Yo P, did all that cold air somehow freeze your brain?  Your insane buddy, I have a feeling your fishing season is longer than most.


----------



## fishbait (Nov 11, 2005)

Glad to hear you got some pullage. I was afraid that one of Finger's skunks had jumped on your back. Watchout for Big O, it's definitely on him now.


----------



## chump (Jul 18, 2005)

Whoa there Tuna,

What a trooper!!! Congrats on the 2 stripers. I still can't believe you went out there after fishing for so long on Saturday. It just goes to show that we'd go to extremes to get the skunk off of us.

Thanks,
Chump


----------



## SeaSalt (Apr 29, 2002)

thanks for the report Tuna. Can't believe you fished in this cold. It must have been freezing at AI.


----------



## CAST DADDY L (Apr 21, 2004)

*Thanks For............*

The Report Tuna


----------



## TunaFish (Aug 16, 2001)

fingersandclaws said:


> Yo P, did all that cold air somehow freeze your brain?


Yes it did!!! 

Seasalt, it was a little cool, but not that bad.


----------



## French (Jun 18, 2005)

impressive, most impressvie


----------



## Andre (Mar 15, 2003)

Peter
Was there other fishing AI ?....Peter your a true " Angler "!!!!!!!!!!!

Stay warm


----------



## TunaFish (Aug 16, 2001)

*No.*

Just I, me, and myself!! Same on the bridge.


----------



## Doormat (Dec 18, 2006)

Thanks for the report. I wanted to get down there saturday but I got tied up doing chores. I thought about it Sunday morning but the forecast was calling for rain.


----------



## TunaFish (Aug 16, 2001)

*Doormat,*

I actually thought you'd be there.

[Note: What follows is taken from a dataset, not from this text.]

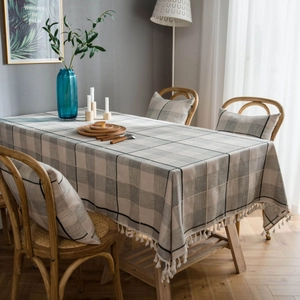 Gray checkered cotton linen tablecloth with tassel edges on a wooden dining table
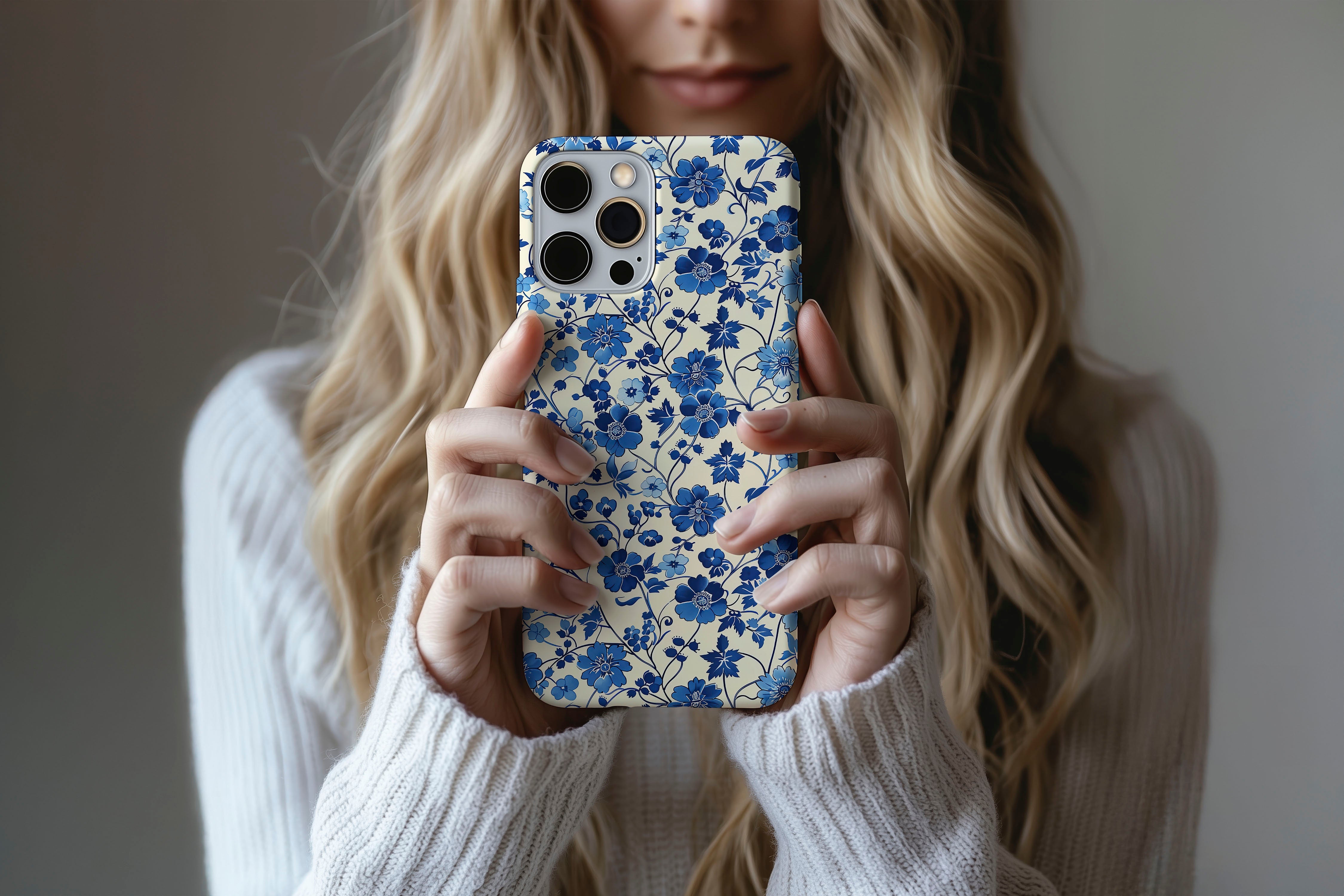 A cute girl holding a phone case featuring our Floral Blues design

The weather forecasters screwed up again. It drizzled all morning, then stopped, then drizzled again. I didn't bother wearing my raingear.


----------



## Cluck (Feb 27, 2006)

Tunafish,I was just south of the bullpen and caught four[14,20,23,26]all caught on chowder clam from Bev on the low tide.From 10am to 2:30pm not even a bump for the rest of day.No takers on bunker.Was alittle airish and damp but tolerable and the water was real clean down where we were.Wish I knew you were down,would like to of meet you as well as others on the board.


----------



## TunaFish (Aug 16, 2001)

*Cluck,*

I probably saw you drove by. I think from 9:00-2:00pm, I think I only saw maybe 2 vehicles drove down that way. I was at the 4x4 challenged area. Yeah, next time you see a short Asian dude with 2 poles (1 with yellow taped in 4 sections), please stop by and say hi. Sounds like you did pretty good in spite of this time of year anyway. Yeah, I have to agree, I thought the water looked pretty clear where I was too. Fishing condition wasn't all that bad. Yeah, it was a one and done deal for me. I was expecting some doggies. Last time I was there, I was pulling some 30 inches dogs and they fought pretty good. But can't complain though!!


----------



## Cluck (Feb 27, 2006)

Tunafish,I was in a blue dodge.I'm looking at giving it a go next weekend pending water temperature.I do not think the fresh bunker will last long now but the last three trips in four weeks to AI chowder clam has been the best producing bait on stripers for me.Looking forward to the fling at AI to meet you all in the spring.


----------



## TunaFish (Aug 16, 2001)

Cluck,

Sounds good. I'll see you in the spring fling...


----------



## douglarmore (Apr 16, 2006)

*ai sat.*

i hope the weather is somewhat tolerblenext sat.i'm going to take my dad fishing for the first time.he will be drinking coffee i'll have cocktails nice fire cain't beat that.


----------



## Fishbreath (Nov 11, 2004)

Doug, good luck with that and enjoy the time with your dad cause it's gonna be coooold...


----------



## Blue Heron (Jun 12, 2003)

Tunafish,

I'm gonna start calling you Eskimo Pete! Glad you caught some fish and had a great time.

Blue Heron


----------



## douglarmore (Apr 16, 2006)

*aisat.*

you never know might break almcrenoulds record rockfish


----------



## fresh bunker (Jul 9, 2006)

its going to be really cold probably around the teens. But good luck and hope you have fun :fishing:


----------



## French (Jun 18, 2005)

Tunafish = a braver and better fisherman that I!


----------



## AtlantaKing (Jul 7, 2002)

Agreed! There ain't no way I'm going out there in this weather. Frost on our breath, runny nose, cold hands I can take. However, I draw the line when I have to dodge ice floes when I'm casting.


----------



## Jamaican Fisher (Mar 28, 2004)

*Thanks...*



TunaFish said:


> After getting skunked at Nicodemus bridge yesterday, I thought it can't get any worse at AI, in spite of dead winter. After all, people were catching crappies and Yellow perch in what I envision it to be a huge bath tub and I cound't get a tap with 2 poles!! I think I just stink with freshwater fishing that's all.
> 
> I was actually joking to the fellas (Fishbait, Chump, AtlantaKing, Okimavich, & FingersAndClaws) yesterday about going to AI. But then I checked the weather and the no brainer was Bev had fresh bunkers.
> 
> ...



Thanks for the report TunaFish...you`re a true fishermen...:fishing:


----------



## RuddeDogg (Mar 20, 2004)

*Nice job*

Way to go.


----------



## douglarmore (Apr 16, 2006)

*ai blue christmaseve*

urllink//i148photobucket


----------



## douglarmore (Apr 16, 2006)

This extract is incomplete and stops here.